Weekly Roundup 12.4.2020

Posted in Newsletters

Hope everyone had a restorative and safe Thanksgiving break. Highlights for the week include an NLRB complaint against Google, AI systems, robots, and Spiderman: Miles Morales. 

Tech + Labor

Here’s the NLRB Complaint Alleging Google Illegally Fired and Surveilled Workers: The National Labor Review Board (NLRB) has filed a complaint against Google for illegally surveilling, retaliating against, and intimidating software engineers involved with labor organizing in 2019. The NLRB move shows that in a time of unprecedented interest in worker activism and organization, retaliation from higher-ups at tech companies may not produce the desired results.

Justice Dept. Suit Says Facebook Discriminates Against U.S. Workers: The complaint accuses Facebook of choosing foreign workers with visas over workers from the United States. “The discrimination suit, which goes before an administrative law judge, opens a different front in Washington’s battle against Big Tech. Although President Trump has jabbed at the companies as recently as this week, when he threatened to revoke speech liability protections for internet platforms like Facebook and Twitter, it is the first time the administration has brought legal action claiming immigrant employment bias.”

Silicon Valley

Google Researcher Says She Was Fired Over Paper Highlighting Bias in A.I.: Timnit Gebru, a co-leader of Google’s Ethical AI team stated that she was fired after criticizing the company’s approach to minority hiring and the biases built into contemporary AI systems. “Her firing only indicates that scientists, activists and scholars who want to work in this field — and are Black women — are not welcome in Silicon Valley,” said Mutale Nkonde, a fellow with the Stanford Digital Civil Society Lab. “It is very disappointing.”

A ‘Robot’ Delivery Startup With Human Operators Is Pushing No Tips for Workers: Food delivery startup Coco believes that the use of robots will help streamline the cost of delivery for the consumer (no need to tip a driver!). But what does that mean for the people who are actually navigating the robots? 

Raise your hand if ‘Cash App launches a clothing line’ was on your 2020 bingo card: Payment app Cash App has a clothing line. So…yeah. 

Science

Why We Forget How Early It Gets Dark Every Year: The sun will set at 4:46 PM today in Washington, DC. Every year, daylight savings forces us to watch the sunset from our desks, and every year, I am surprised by this. The reason likely has to do with memory and human expectation. 

AI has cracked a problem that stumped biologists for 50 years. It’s a huge deal: DeepMind’s AI system seems to have solved “the protein folding problem.” This breakthrough will likely help researchers better understand diseases and develop better drugs. It also means that AI might get taken more seriously in the research world. 

Entertainment

In ‘Spider-Man: Miles Morales,’ Harlem Is More Than a Backdrop: Kwame Opam interviews Evan Narcisse, a writer for the PlayStation game Spiderman: Miles Morales. The two discuss writing, portrayals of superheroes of color, and the future Miles Morales.

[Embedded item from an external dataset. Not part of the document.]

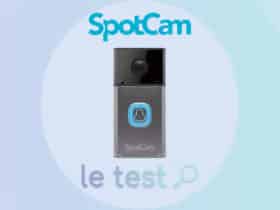 SpotCam Video Doorbell Pro : test avis et prix avec Amazon Alexa et Echo Show 2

Among Us and a Resurgence of Narrative-Free Games: In a time where it feels like we’re all engulfed in a daily battle with forces beyond our control, culture writer MJ Lewis extols the virtue of narrative-free games like Among Us and Fall Guys. “I don’t want to be the hero right now; I just don’t have the energy.” 

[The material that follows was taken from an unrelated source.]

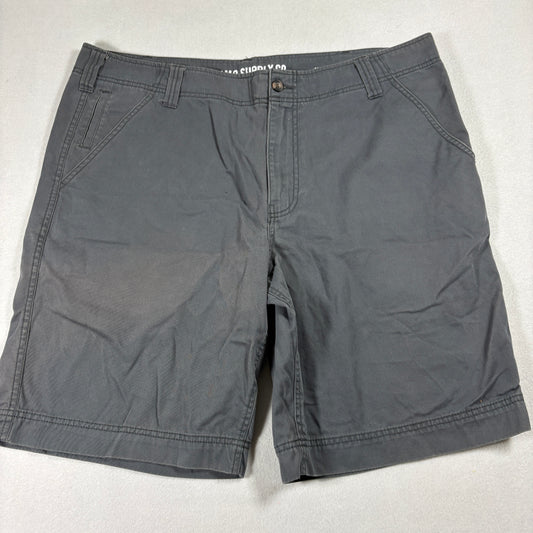Mossimo Supply Co Mens Gray Chino Shorts Size 42 Casual Cotton Summer Wear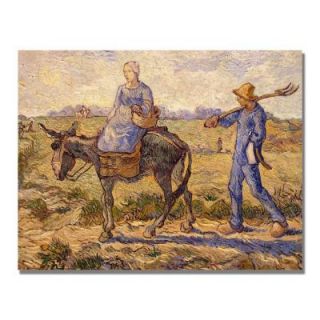 Trademark Fine Art 24 in. x 32 in. Morning Going out to Work Canvas Art BL0963 C2432GG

New Pokémon ASMR video just lets you hang out with Pikachu for 15 minutes: Personally, hearing Pikachu say “Pikachu” over and over again does not sound like the most relaxing thing in the world, but if that’s up your alley, the folks at The Pokémon Company have created just the thing for you. 

Return to Bird World is the real soundtrack to a fake sequel to a video game that doesn’t exist: Bird World, everyone’s favorite album based on a videogame that doesn’t actually exist, now has a sequel. In Return to Bird World, Musician and Twitter-person Leon Chang has designed the album to sound like a game from the original PlayStation (think Final Fantasy). The album is currently available through Bandcamp.

The Horse Girl Canon: Polygon’s comprehensive review of books, movies, television and merch that define the quote-unquote Horse Girl aesthetic is exactly the kind of Friday-at-4:30PM-content I need. Really, any media that argues that The Lord of the Rings: The Two Towers (MOVIE ONLY) is Horse Girl content is the content I need. Additionally, Susana Polo’s argument that (again, movie only) Aragorn is a horse girl is another great read.